This encoding approach pays off. I'll give just one example. For a few years now, I've been helping Arlo Griffiths (who directs the Jakarta research center of the École française d'Extrême-Orient) to develop a corpus of the surviving inscriptions of the Campa Kingdoms. This is a small corpus, perhaps 400 extant inscriptions, from coastal Vietnam, that includes texts in both Sanskrit and the incompletely understood Old Cam language. The script involved has not yet made its way into the Unicode specification. The standard transliteration scheme for this script, as well as some of the other editorial conventions used in the publication of Cam inscriptions, overlaps and conflicts with the Leiden conventions. But with TEI/EpiDoc there is no confusion or ambiguity. The XML says what the editor means to say, and the conventions of transcription are preserved unchanged, perhaps someday to be converted programmatically to Unicode when Unicode is ready.

EpiDoc transitioned from a personal project to a public one when another potential use case came along. For some time, a committee commissioned by the Association Internationale d'Épigraphie Grecque et Latine had been working under the direction of Silvio Panciera, then the chair of Latin epigraphy at La Sapienza in Rome. Their goal was to establish a comprehensive database of Greek and Latin inscriptions, primarily for the purpose of searching the texts and associated descriptive information or metadata. It was Charles Crowther at Oxford's new Centre for the Study of Ancient Documents who put me in contact with the committee. And it was Charles who championed the eventual recommendation of the committee that the system they envisioned must be able to import and export structured documents governed by a standard schema. He was thinking of EpiDoc.

Many years have passed and many things have changed, and I'm forced to leave out the names of so many people whose hard work and acumen has brought about those changes. Here in Paris today Panciera's vision stands on the cusp of realization. It has also been transcended, for we are not here to talk about a standalone textual database or a federation of such, but about the incorporation of Greek and Latin epigraphy -- in all its historiographical variety and multiplicity of reception -- into the digital cultural heritage system of Europe (Europeana) and into the independent digital repository of a global people: Wikipedia and Wikidata. That EpiDoc can play a role in this grand project just blows me away.

And it's not just about EAGLE, Europeana, Wikipedia, and EpiDoc. It's about a myriad other databases, websites, images, techniques, projects, technologies, and tools. It's about you and the work that you do.

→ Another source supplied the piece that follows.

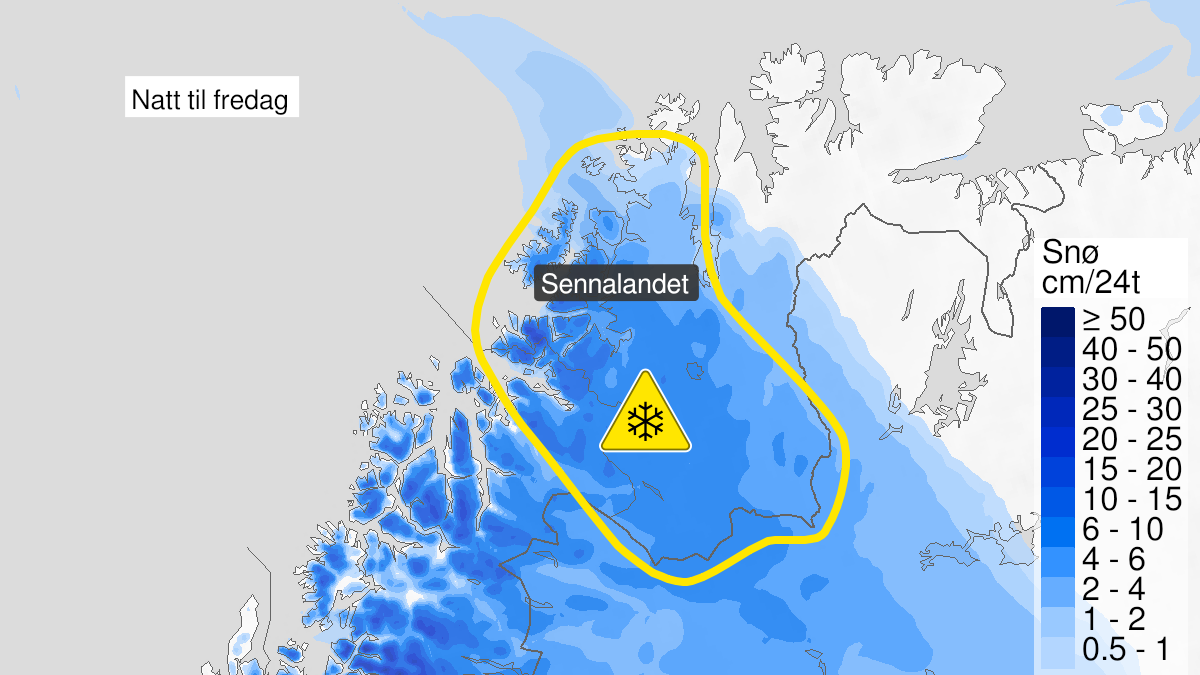 Kart over Snø, gult nivå, Fjelloverganger i Vest-Finnmark, 2024-05-09T21:00:00+00:00, 2024-05-10T12:00:00+00:00
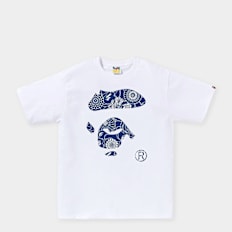 A Bathing Ape Japanese Indigo Art Camo Ape Face Tee weiß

Even as we congratulate ourselves on our achievements and the importance of our mission, I hope you'll let me encourage you to keep thinking forward. We are doing an increasingly good job of bringing computational approaches into many aspects of the scholarly communication process. But plenty remains to be done. We are starting to make the transition from using computer hardware and software to make conventional books and digital imitations thereof; "born digital" is starting to mean something more than narrative forms in PDF and HTML, designed to be read directly by each single human user and, through them, digested into whatever database, notebook, or other research support system that person uses. We are now publishing data that is increasingly designed for harvesting and analyzing by automated agents and that is increasingly less encumbered by outdated and obstructive intellectual property regimes. Over time, our colleagues will begin to spend less time seeking and ingesting data, and more time analyzing, interpreting, and communicating results. We are also lowering the barriers to appreciation and participation in global heritage by a growing and more connected and more vulnerable global people.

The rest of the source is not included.